Les cadres en première ligne
Les travaux des ergonomes permettent aussi de prendre la mesure de l’exposition des cadres aux nouveaux risques professionnels. En effet, que l’on parle de flexibilité, de management par la performance ou de protection de la vie privée et familiale, les cadres sont en première ligne. « Avec des conditions de travail parfois très contraignantes, qu’il s’agisse de la charge de travail, qu’il s’agisse des contraintes de temps ou des exigences physiques et mentales propres à leur statut et leur position dans l’entreprise, le cas des cadres est, de ce point de vue, significatif », écrit Alain Lancry. De la sorte, les ergonomes confirment scientifiquement, par leurs travaux, ce que savent par expérience les syndicalistes de la FIECI : loin de constituer encore une catégorie privilégiée de salariés, les cadres sont le maillon sur lequel s’exercent aujourd’hui les plus fortes pressions. Or, certaines directions semblent ne pas en avoir encore pris la mesure. De même elles ignorent encore trop souvent les travaux des ergonomes. Ainsi, pour ne prendre qu’un exemple récent, comment expliquer qu’une entreprise ait décidé de déménager tout son personnel dans de nouveaux locaux organisés en open space ? Pourtant, tout le monde connaît maintenant les effets pervers de ce type d’espaces de travail (voir notre précédente note « Cadres : désillusion dans l’open space !»). Voici une nouvelle illustration de l’utilité de l’action menée par les délégués de la FIECI pour faire entendre la voix des cadres. Du reste, les entreprises ont tout intérêt à les entendre. Car lorsque les cadres craquent, c’est tout l’édifice des nouvelles organisations de travail qui s’effondre. Adapter le travail à l’homme est toujours une démarche « gagnant-gagnant ».

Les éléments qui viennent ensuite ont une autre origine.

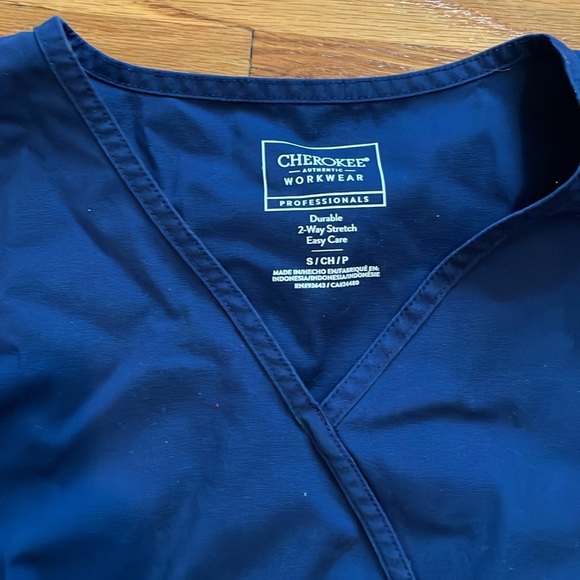 Cherokee Maternity Scrub Top - Picture 3 of 4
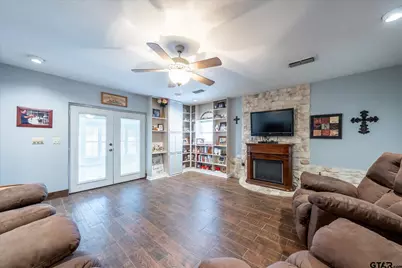 287 Hollybrook Dr., Kilgore, TX 75662 - Photo 12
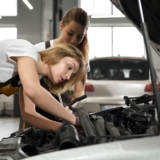 Discover Premier Body Shops in Los Angeles with Wise Guy Autos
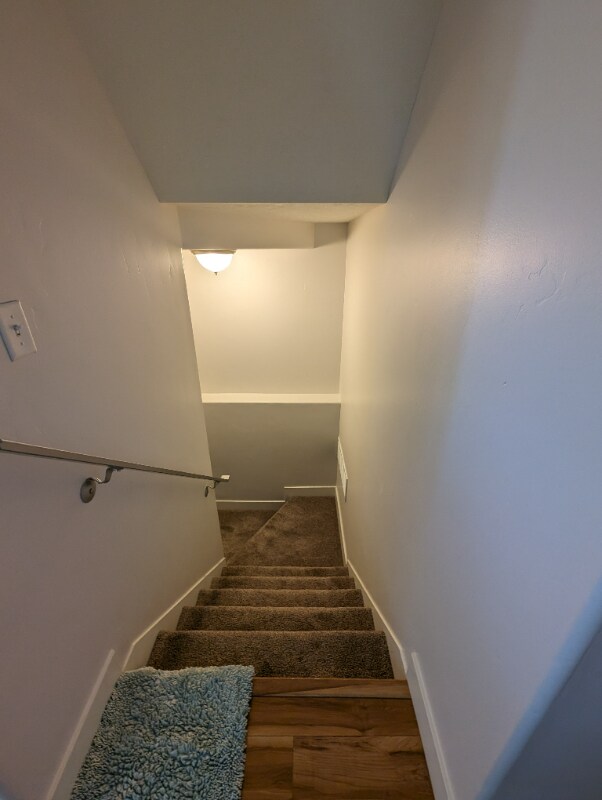 Building Photo - 10617 Topview Rd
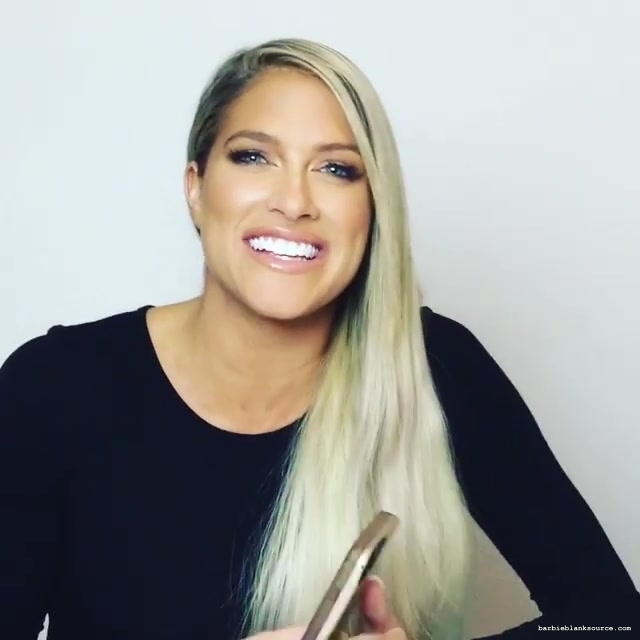 Barbie_Blank_on_Instagram_22The_day_has_finally_come212121__barbiemoji_010.jpg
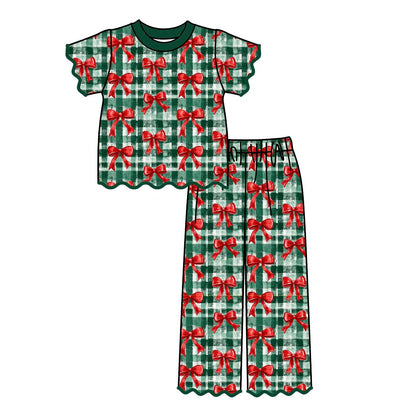 Girls Christmas Scallop Set – Festive Print Top & Pants Outfit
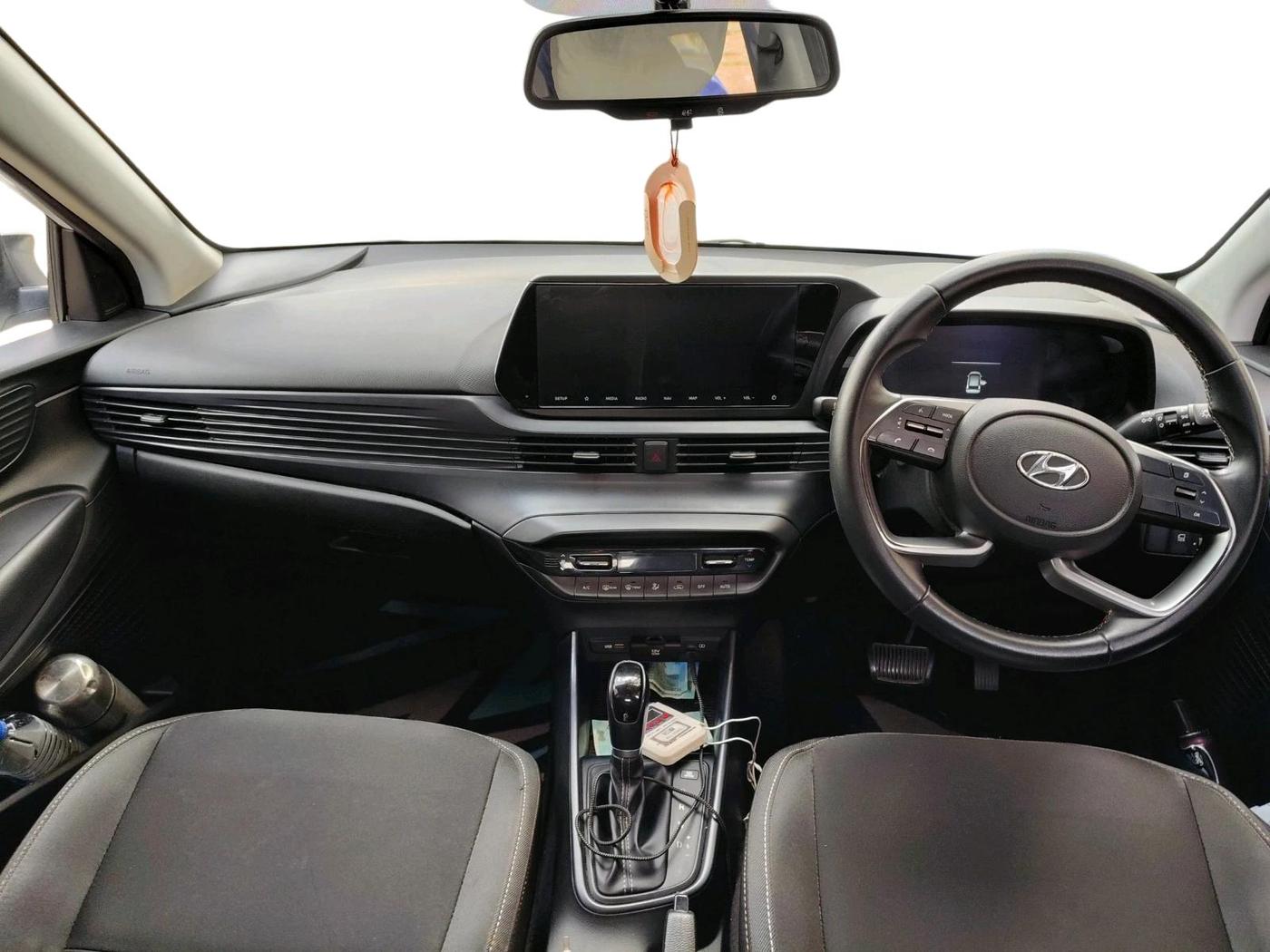 2021 Hyundai NEW I20 ASTA 1.2 AT, Petrol, Automatic, 32,676 km, interior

(1) L’ergonomie, par Alain Lancry, PUF, coll. Que sais-je ?, 127 p., 9 euros.
EXTRAITS
Explosion de la charge cognitive – « La charge cognitive prend une place de plus en plus significative dans l’émergence du stress au travail. En effet, traiter un nombre de plus en plus important de données ou d’informations, le faire dans l’urgence, en étant interrompu fréquemment, sollicite fortement les ressources attentionnelles et cognitives. »
L’ergonomie, par Alain Lancry, op. cit.
Disponibilité permanente – « La disponibilité quasi permanente exigée des cadres est un autre exemple d’intensification du travail. Elle est obtenue en partie par le recours aux technologies de l’information et de la communication qui permettent de s’affranchir de l’espace de travail et de franchir la frontière entre domaine de vie professionnelle et domaine de vie privée. »
L’ergonomie, par Alain Lancry, op. cit.